Pues bien, al hilo del ingreso de Michael Jordan en el sagrado Hall of Fame, esa historia del famoso corte de Michael Jordan ha sido refutada en su totalidad: ha resultado ser una mera ficción. Resulta que aquello nunca ocurrió y que todo fue mucho menos épico que lo que nos habían contado hasta ahora.

Parece ser que, en aquellos tiempos, los jugadores de la edad de Michael en el Laney HS –Jordan cursaba entonces el décimo curso de Primaria- jugaban siempre en el segundo equipo del colegio: lo que en los USA se denomina como el “Junior Varsity team”, el “JV team”. Y también han caído algunos mitos más: LeRoy Smith no era mejor jugador que Michael Jordan en aquel tiempo; LeRoy tan sólo era un año más mayor que MJ, y unos doce centímetros más alto también. Por ello, el Coach Herring decidió contar con Smith, que jugaba de pivot, y prescindir de un jugador más pequeño y más joven: que resultó ser el escolta Michael Jordan. Pero la realidad es que Jordan jamás fue cortado del “VT Team”.

La versión oficial siempre nos había dicho que a MJ le cortaron, pero que, luego, debidamente motivado y rotundamente vengativo, volvió al año siguiente a jugar al baloncesto y que aquello fue algo excepcional. La forja de un mito. Pues bien, la realidad es que ese año, el joven Jordan jugó con el segundo equipo, el JV, de su colegio y fue, de largo, el mejor jugador de la plantilla.
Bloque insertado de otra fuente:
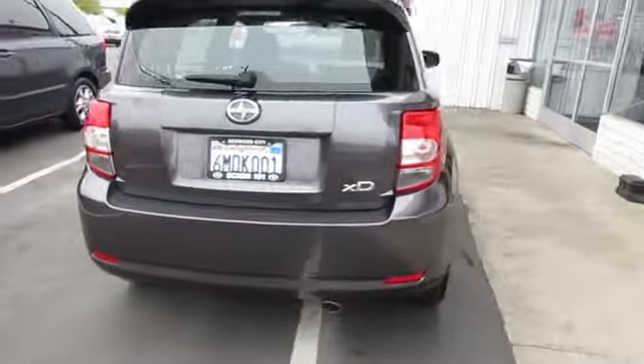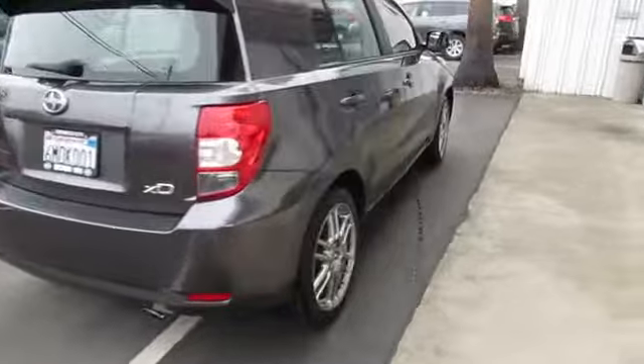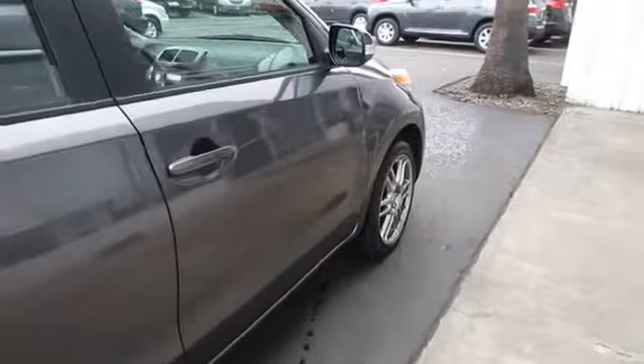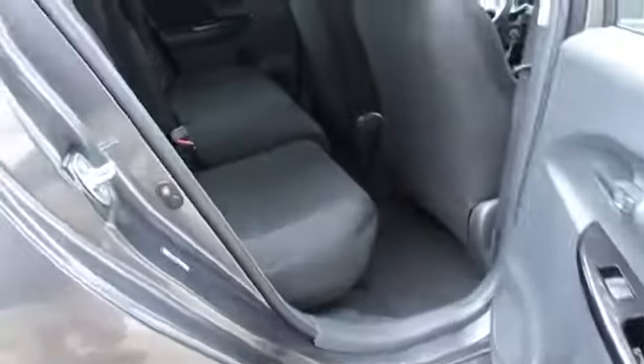Keyless Entry, Rear Defrost, FWD, Premium Sound System, AM-FM Stereo Radio, MP3 Player, Bucket Seats, Child Safety Locks, Power Windows, Power Door Locks, CD Player, Auxiliary Audio Input. This vehicle is Carfax Certified One Owner and qualifies for Carfax Buy-Back Guarantee.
Luego, más tarde, jugó sus dos últimos años con el primer equipo, el VT: en el que anotó más de 1.400 puntos; incluyendo un triple-doble de promedio el año de su graduación: casi 30 puntos, 12 rebotes y más de 10 asistencias por partido.

Michael Jordan siempre usó motivaciones externas para encontrar ese punto necesario que le permitió mantener su indomable espíritu competitivo al máximo; su conocido -y todavía no apaciguado, a juzgar por el tono de su discurso de entrada al Hall of Fame- instinto de gran caníbal en modalidad permanente de no tomar prisioneros.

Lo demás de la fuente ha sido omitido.